I'm not sure we will ever get over the ocean.

It's the limit, I believe, of our imagination as human beings.  Sure, we understand that our planet is bigger than the ocean, or that the sun is bigger than our planet, or that the vastness of the cosmos contains orders of magnitude beyond measure.  But we can't ever grasp those sizes the way we can grasp the ocean.

I've been thinking about the ocean here, in the prairie.  I'm ranchsitting for some friends right now, taking care of their herds of bison, longhorn, and llamas.  Zipping across their fields, with miles of grasses waving in the Texas breeze, there is no other metaphoric vocabulary with which to describe something so big and open.

It's almost beyond cliche to talk about the prairie as a sea of grass.  Covered wagons were called schooners, after all.  I always think of Gregory Peck's character in The Big Country, a retired Navy captain who came west because the land reminded him of sailing.

I've heard outer space described in these terms ("The Shores of the Cosmic Ocean" was an episode of Sagan's Cosmos).  And God, too, I have often heard is an infinite ocean of light and love.
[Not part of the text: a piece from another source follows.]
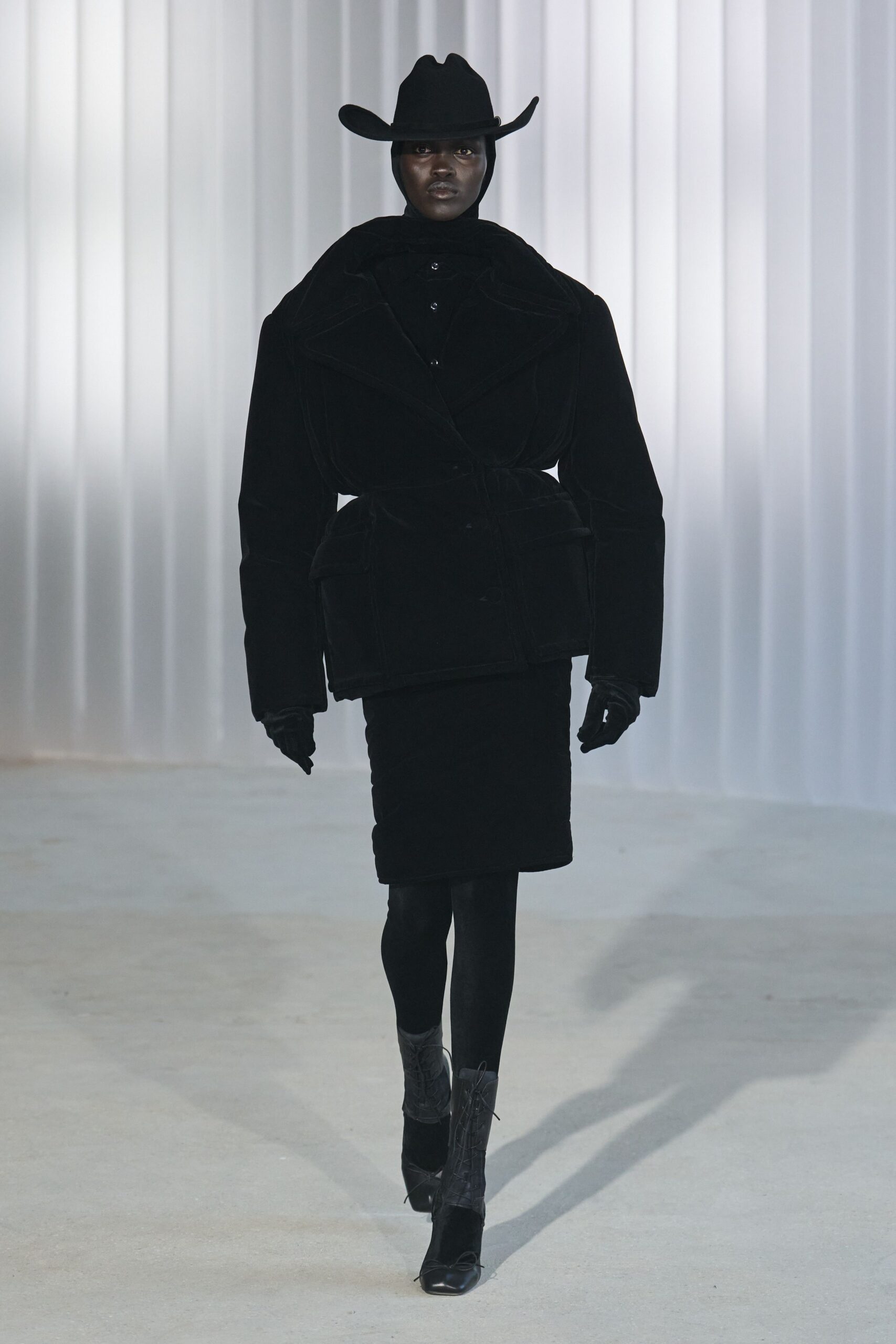 black velvet long-sleeve collared oversized belted jacket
So, as I said, I don't think we'll get over it.  It's oceans all the way down for us.  Anything bigger than an ocean is an ocean, too.  It's the biggest big our ape brains can handle.

This is a strong example of the disconnect between thought and language, though an aspect of that problem we don't often consider.  Lots of us writerly types get all flustered over the fact that we have thoughts which have no appropriate words, but with anything bigger than the sea, the opposite is true.

We have a word for universe, but we can only think ocean.